→ **DATASET SECTION**
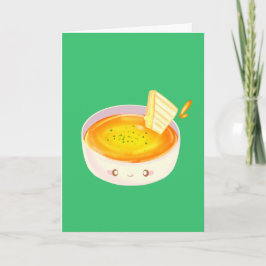 Tarjeta Sopa De Tomate Y Sándwich De Queso A La Parrilla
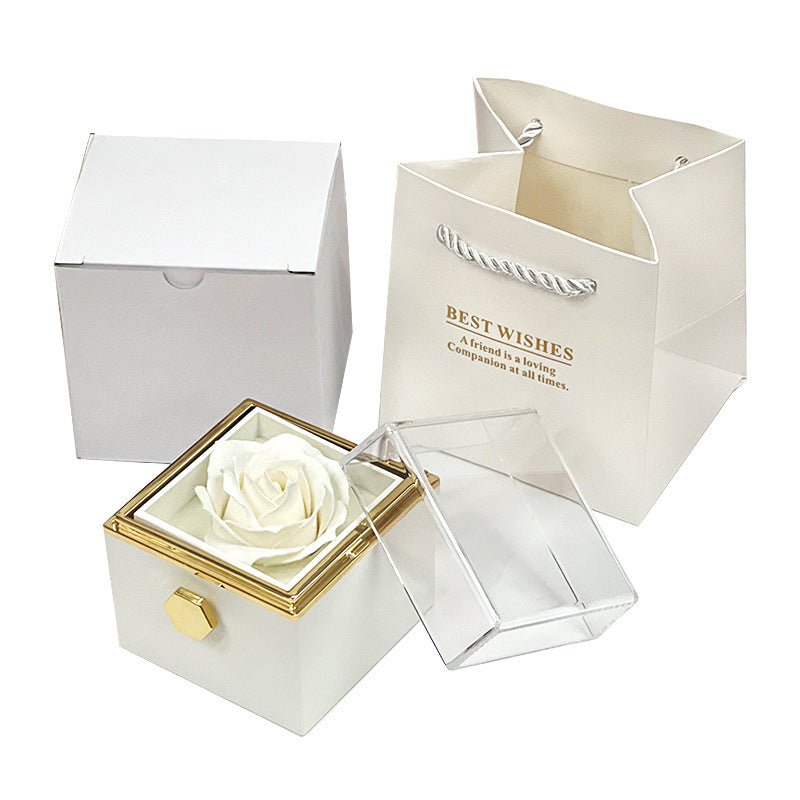 Rotating Soap Flower Rose Gift Box – Creative Jewelry Packaging by Winter dream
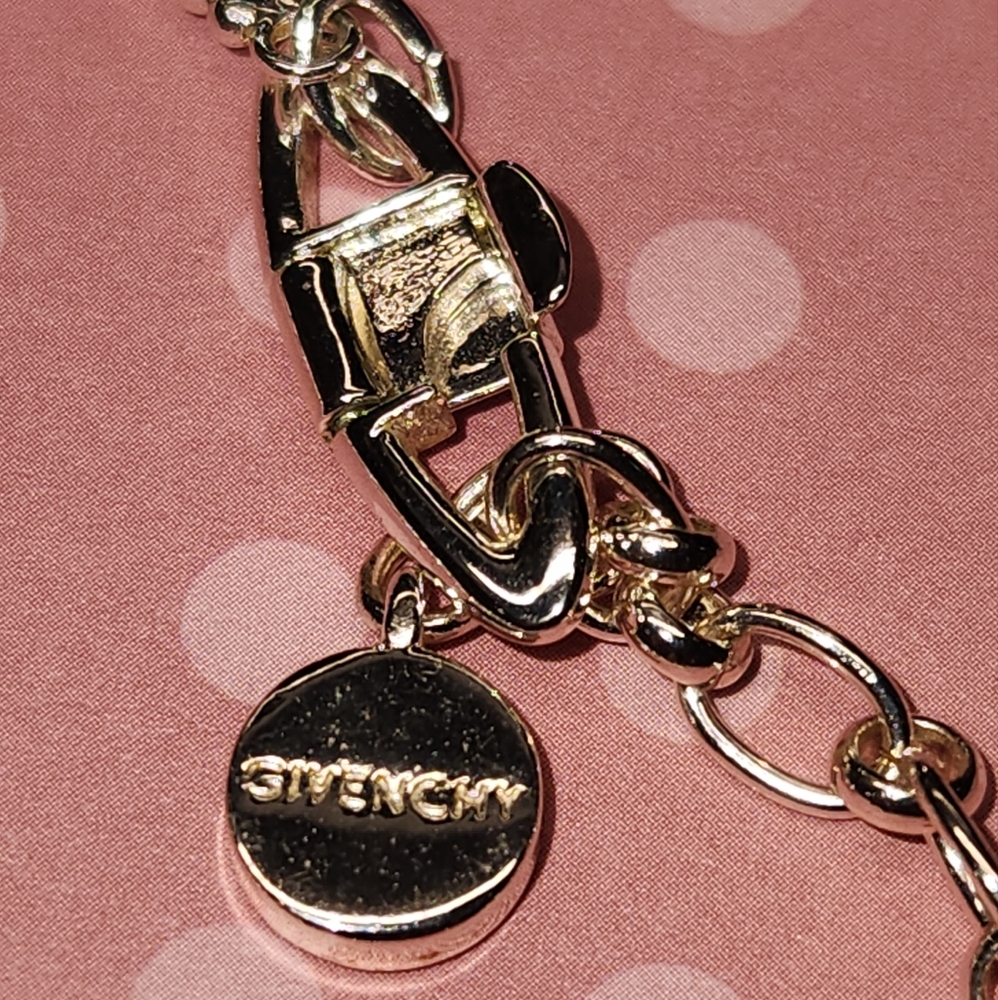 $2138, Givenchy Lace Pattern Clear Swarovski Crys… - image 7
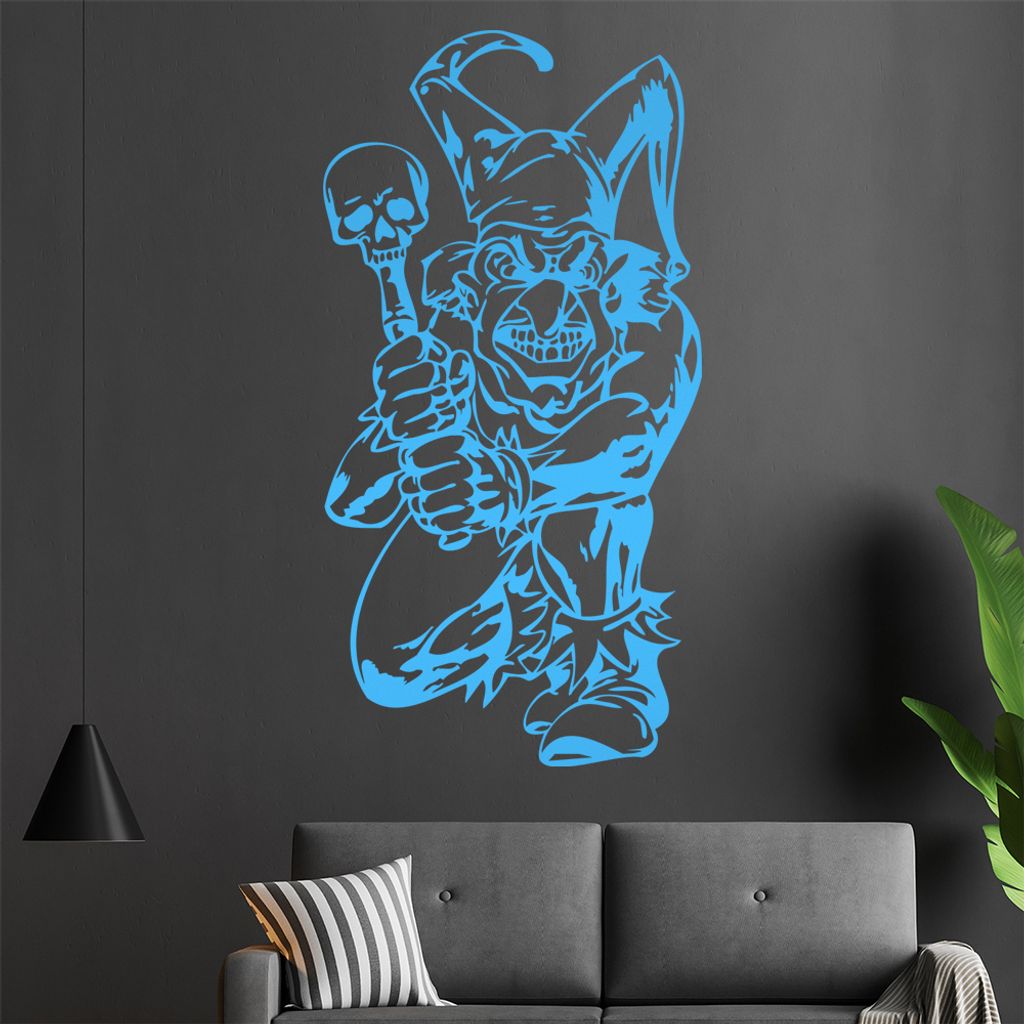 Harlekin Wandtattoo in 6 Größen - Wandaufkleber Wall Sticker - Dekoration, Küche, Wohnzimmer, Schlafzimmer, Badezimmer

→ **WHAT YOU NEED TO DO**
Keeping every word as it is, write out all the data and omit the pictures.

→ **EXERCISE ANSWER**
 Tarjeta Sopa De Tomate Y Sándwich De Queso A La Parrilla
 Rotating Soap Flower Rose Gift Box – Creative Jewelry Packaging by Winter dream
 $2138, Givenchy Lace Pattern Clear Swarovski Crys… - image 7
 Harlekin Wandtattoo in 6 Größen - Wandaufkleber Wall Sticker - Dekoration, Küche, Wohnzimmer, Schlafzimmer, Badezimmer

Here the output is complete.